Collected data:
......

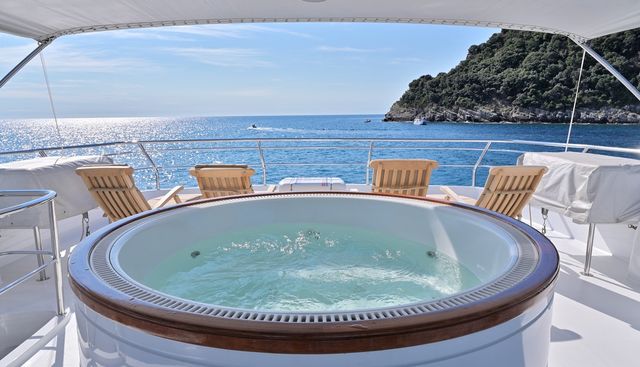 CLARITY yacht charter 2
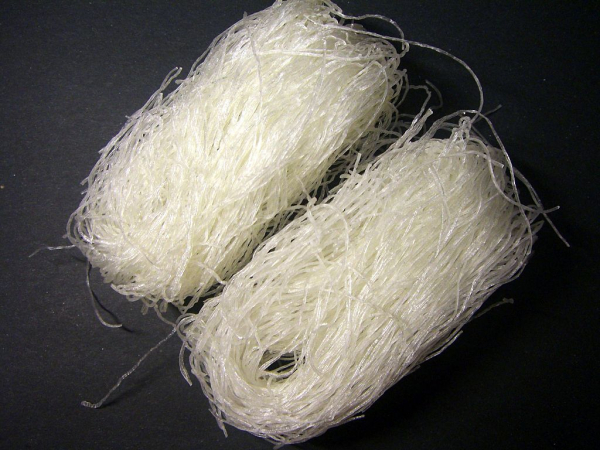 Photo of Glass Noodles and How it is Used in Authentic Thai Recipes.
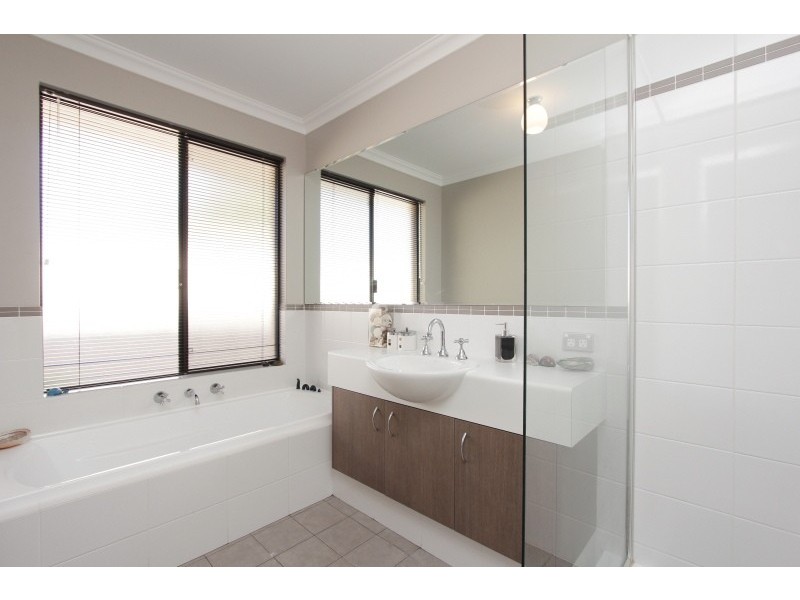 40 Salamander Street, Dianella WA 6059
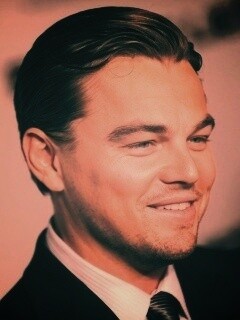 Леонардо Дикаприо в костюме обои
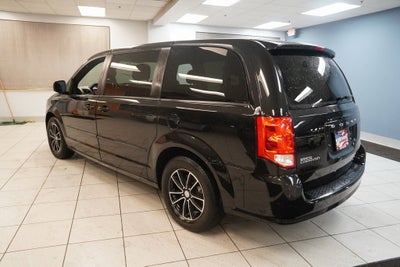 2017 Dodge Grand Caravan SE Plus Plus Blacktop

......

§ **Work request**
Reproduce only the lines from the line that holds "40 Salamander Street, Dianella WA 6059" through the end of the records, exactly as they stand, both ends included and pictures excluded.

§ **Exercise answer**
 40 Salamander Street, Dianella WA 6059
 Леонардо Дикаприо в костюме обои
 2017 Dodge Grand Caravan SE Plus Plus Blacktop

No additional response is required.